Publicitários são especialistas em sonhos, aspirações e esperanças. Eles seduzem as massas através de símbolos e manipulam com facilidade a credulidade humana. Através de suas técnicas, tudo se transforma em produto a ser consumido, inclusive, a política.
Em seu best seller “$ 29,99”, Frédéric Beigbeder mostra como funciona o poder de persuasão através dos falsos desejos do “homo consommatus”. Seu personagem principal, que encarna um publicitário como ele, afirma com sarcasmo: “Humm, é tão bom penetrar no cérebro de vocês. Gozo no hemisfério direito. O desejo não lhes pertence mais: imponho-lhes o meu. Proíbo-lhes de desejar ao acaso. Sou eu quem decide hoje o que vocês vão querer amanhã”.

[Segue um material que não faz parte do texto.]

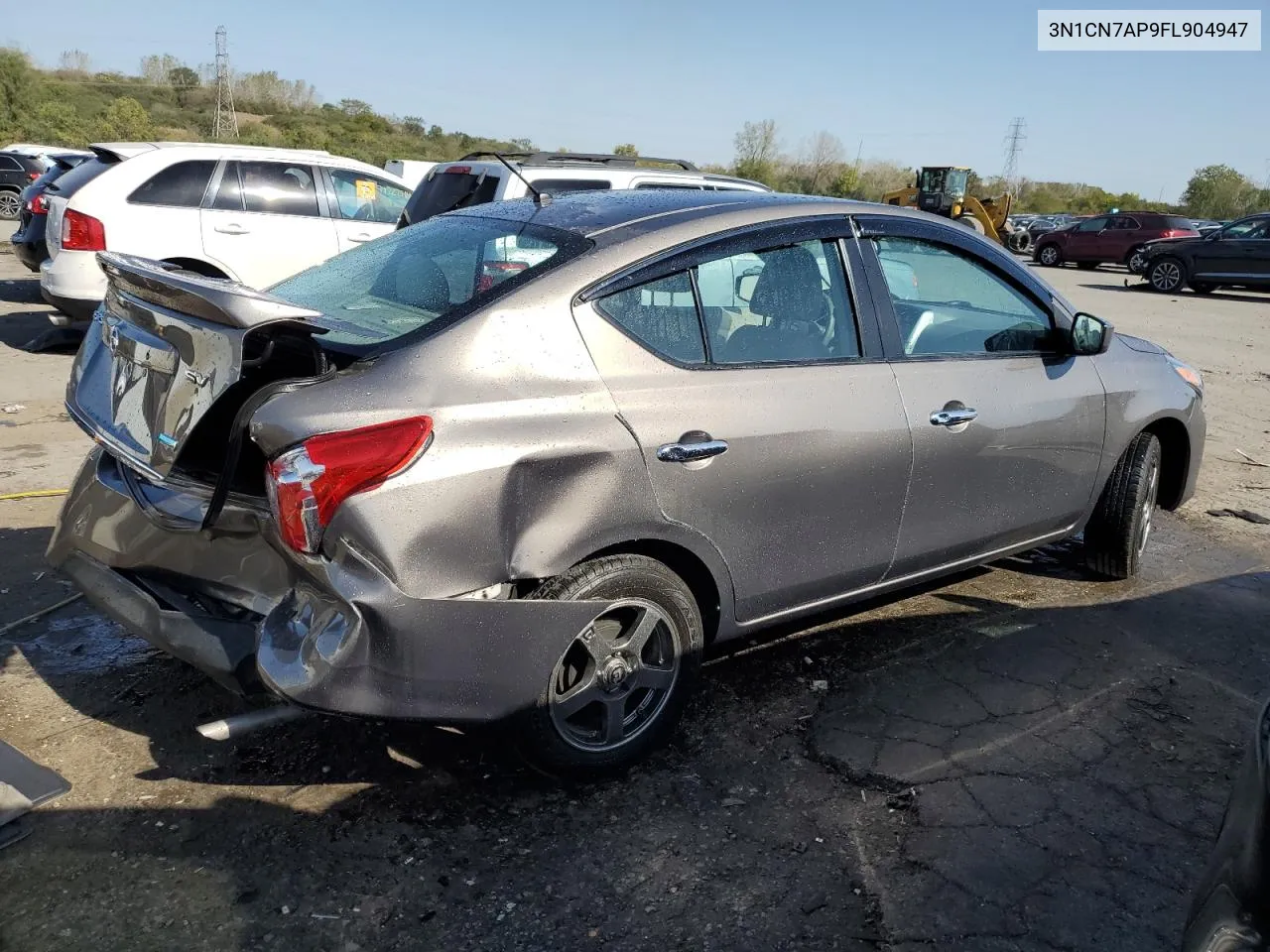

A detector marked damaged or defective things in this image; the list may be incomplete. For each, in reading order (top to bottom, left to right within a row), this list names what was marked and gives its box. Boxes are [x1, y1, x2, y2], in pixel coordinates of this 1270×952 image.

broken tail light [266, 415, 435, 555]
damaged gray sedan [50, 189, 1206, 777]
cracked asphalt [2, 253, 1270, 952]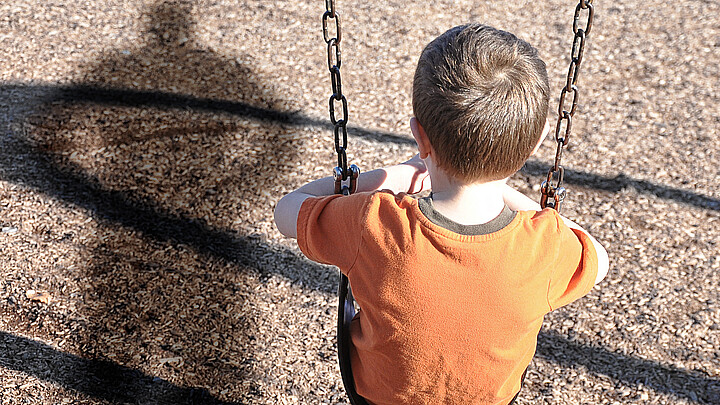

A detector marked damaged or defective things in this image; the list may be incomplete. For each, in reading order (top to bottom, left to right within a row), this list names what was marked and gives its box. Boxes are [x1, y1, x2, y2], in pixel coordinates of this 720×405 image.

rusty chain [324, 0, 360, 196]
rusty chain [540, 0, 596, 211]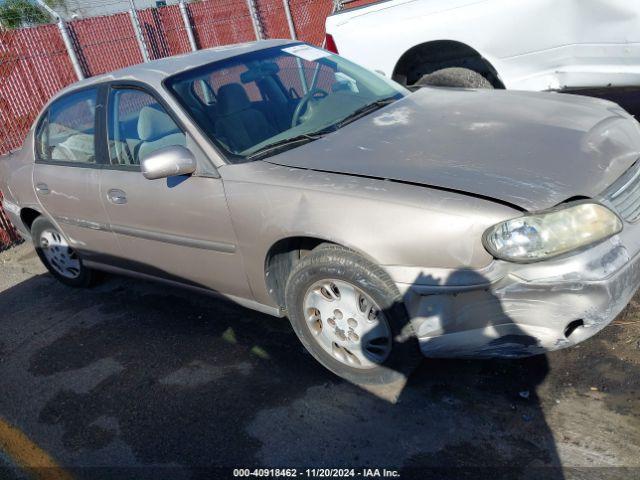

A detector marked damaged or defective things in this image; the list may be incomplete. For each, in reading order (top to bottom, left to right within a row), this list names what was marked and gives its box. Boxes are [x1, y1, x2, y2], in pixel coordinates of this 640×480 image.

crumpled hood [268, 87, 640, 210]
damaged front bumper [396, 225, 640, 356]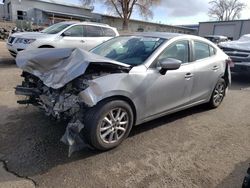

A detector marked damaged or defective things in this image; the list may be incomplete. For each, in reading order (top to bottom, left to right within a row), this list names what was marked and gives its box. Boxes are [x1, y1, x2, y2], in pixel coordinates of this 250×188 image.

crumpled hood [15, 48, 130, 89]
damaged front end [14, 48, 131, 156]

Beigbeder não se furta em citar algumas frases de Joseph Goebbels: “O que buscamos não é a verdade, mas o efeito produzido”. “Quanto maior a mentira, mais ela passa”. Mas é o jovem e brilhante autor que, reconhecendo como técnicas de persuasão a dissimulação, o jeitinho e o humor, desfere um pensamento ainda mais sinistro: “O sistema atingiu seu objetivo: até a desobediência se tornou uma forma de obediência”. A essas alturas, pode-se indagar: haverá limite para tanto poder?

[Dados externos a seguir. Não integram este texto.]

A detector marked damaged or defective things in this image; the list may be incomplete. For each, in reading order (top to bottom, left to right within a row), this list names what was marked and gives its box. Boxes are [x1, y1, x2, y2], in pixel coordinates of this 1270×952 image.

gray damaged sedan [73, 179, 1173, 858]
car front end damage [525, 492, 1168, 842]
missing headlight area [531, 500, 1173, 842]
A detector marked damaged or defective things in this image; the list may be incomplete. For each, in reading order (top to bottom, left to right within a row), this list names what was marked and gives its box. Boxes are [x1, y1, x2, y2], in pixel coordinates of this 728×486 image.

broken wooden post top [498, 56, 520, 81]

No Brasil não escapamos ao “totalitarismo” da propaganda. Pelo contrário. No comando do poder das ilusões políticas, o publicitário Duda Mendonça, que operou a metamorfose do perdedor de três eleições em vencedor sempre em campanha, é exímio manipulador de símbolos capazes de penetrar com força o inconsciente coletivo. Então Mendonça transformou o próprio presidente da República em símbolo. Mas como a simbologia é mutável, o presidente trocou o torno mecânico, de seu longínquo passado, pelo violino.

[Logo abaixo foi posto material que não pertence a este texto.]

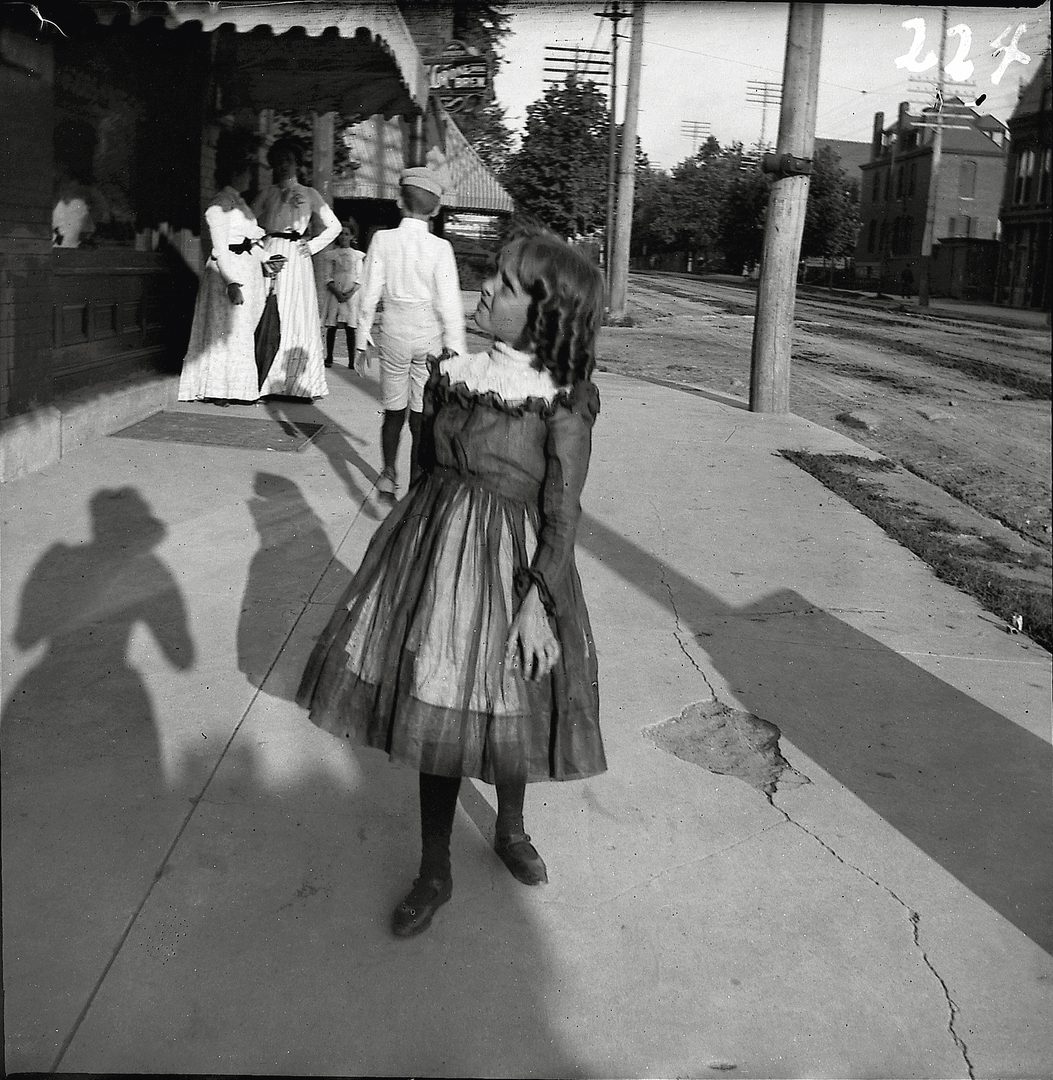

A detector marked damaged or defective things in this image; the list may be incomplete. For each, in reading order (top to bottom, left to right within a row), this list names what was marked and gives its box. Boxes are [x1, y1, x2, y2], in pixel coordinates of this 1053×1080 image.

sidewalk crack [772, 788, 976, 1072]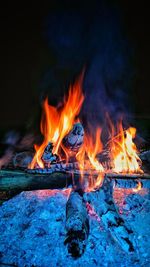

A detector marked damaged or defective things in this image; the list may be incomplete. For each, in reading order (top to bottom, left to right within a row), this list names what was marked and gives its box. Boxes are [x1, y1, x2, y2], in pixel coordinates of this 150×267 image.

burnt wood piece [62, 123, 84, 153]
burnt wood piece [64, 189, 89, 258]
burnt wood piece [85, 179, 136, 254]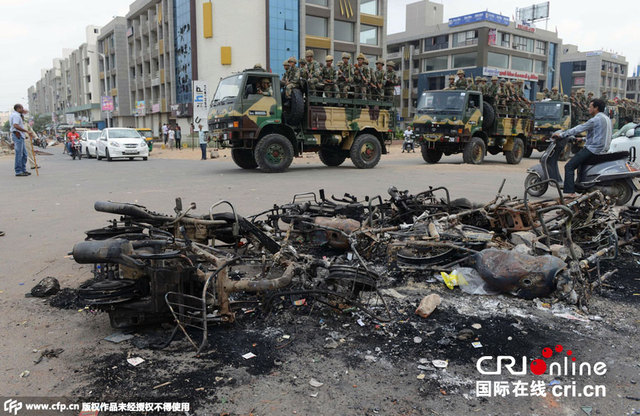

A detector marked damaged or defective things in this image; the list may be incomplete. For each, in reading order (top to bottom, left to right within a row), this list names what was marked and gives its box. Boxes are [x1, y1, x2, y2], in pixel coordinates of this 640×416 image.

burnt debris pile [70, 182, 640, 352]
burnt motorcycle wheel [524, 173, 548, 197]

Alguém já disse que “o poder é como violino, se toma com a esquerda mas se toca com a direita”. De violinista o presidente evolui para maestro e simulou reger a orquestra-escola da Petrobrás. Muito interessante, pois seguindo o pensamento de Elias Canetti, em “Massa e Poder”, o maestro é o único que está de pé num plano elevado. Atrás de si se encontra a platéia, que emudece à sua chegada e o segue através do espetáculo que ele proporciona. O maestro é o guia e arrebata o público que o escuta embevecido. Todos estão ali para aplaudi-lo estrondosamente e sua aclamação se dará à medida de sua vitória. Seu exército de músicos obedecem aos gestos de sua mão e a obra executada é de natureza complexa. Cada integrante da orquestra é observado atentamente pelo maestro, que é o único que tem a partitura completa na cabeça. Ele ouve atentamente qualquer som errado e o corrige. Durante a execução da peça o mundo não pode ser outra coisa que não a peça, durante esse tempo o maestro é senhor do mundo.
Mas é certo que há um poder maior que controla a propaganda, ao qual a propaganda serve. O presidente pode simular reger a orquestra, mas ele é apenas o executor da obra. O compositor é outro, que quase não aparece, mas que em última instância é o grande poderoso. Entre nós, ninguém desconhece que seu nome é Zeus, perdão, Joseph Dirceu, o super-ministro que tem nas mãos o poder de nomear e demitir, de negociar privilégios e “comprar” votos no Congresso, de se impor pelo medo do castigo ou pela esperança da recompensa. Ele é, portanto, o autor da partitura, o grande timoneiro, o cérebro por trás da propaganda.
Haverá limite para tanto poder? A única brecha se abre quando a orquestra desafina, quando a harmonia entre os músicos se rompe e a platéia em vez de aplaudir, vaia. E a orquestra esta desafinando. Já existem músicos descontentes com a regência. O espetáculo não está tão belo assim, ainda que nos digam que está. O tempo irá demonstrar se nos resta algum desejo ou se estamos proibidos de desejar.